The story of Lidice
On the 10 June 1942, Nazis entered the mining village of Lidice, shot 173 men, removed all the women and children and razed the village to the ground. The atrocity took place in retaliation for the assassination of Reinhard Heydrich, 'The Butcher of Prague', by British-trained Czech resistance fighters.
In Stoke-on-Trent, the response to the brutality of Lidice was led by local GP and Councillor Barnett Stross with the North Staffordshire Miners' Federation. On 6 September 1942, the "Lidice Shall Live" campaign was launched at a mass meeting in the Victoria Hall, Hanley. The campaign was named in defiance of Adolf Hitler's claim that "Lidice Shall Die".
The campaign to rebuild Lidice raised £32,000, which is the equivalent of more than £1.5 million today. Most of this came from miners who donated part of their wages. Lidice was rebuilt after the war, with a memorial and museum commemorating the tragedy.
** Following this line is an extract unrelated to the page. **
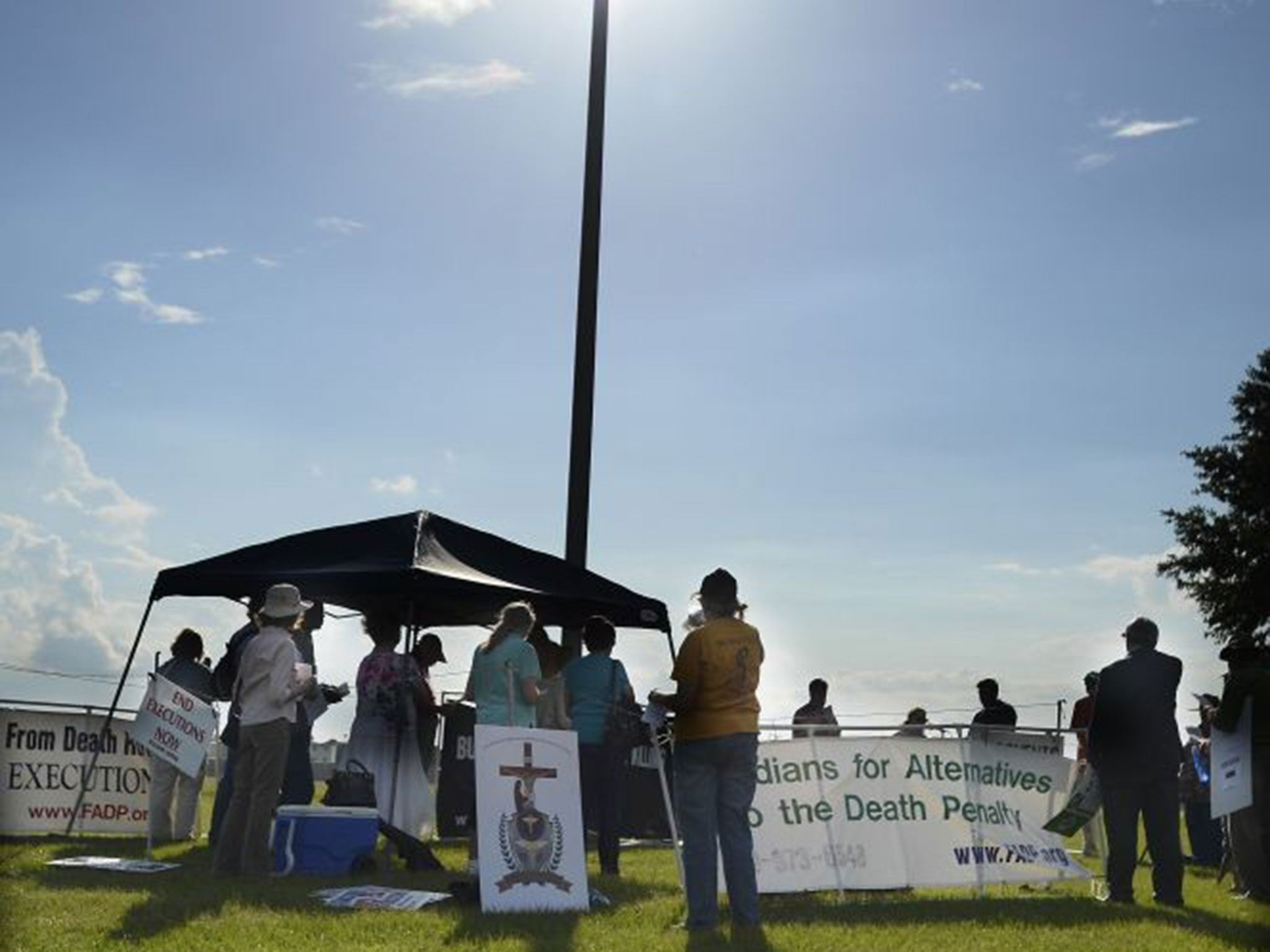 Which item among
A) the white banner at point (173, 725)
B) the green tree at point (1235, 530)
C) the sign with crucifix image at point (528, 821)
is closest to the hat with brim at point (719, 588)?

Stoke-on-Trent City Council is proud of the city for the role it played in rebuilding the mining village of Lidice. At the inaugural meeting of the Lidice Shall Live campaign, Dr Benes, the Czech President in exile said: "This meeting has made it clear that Lidice has not died: it lives on in the hearts of the people of Stoke-on-Trent at least. From now on, Stoke-on-Trent will live forever in the heart of every Czech citizen."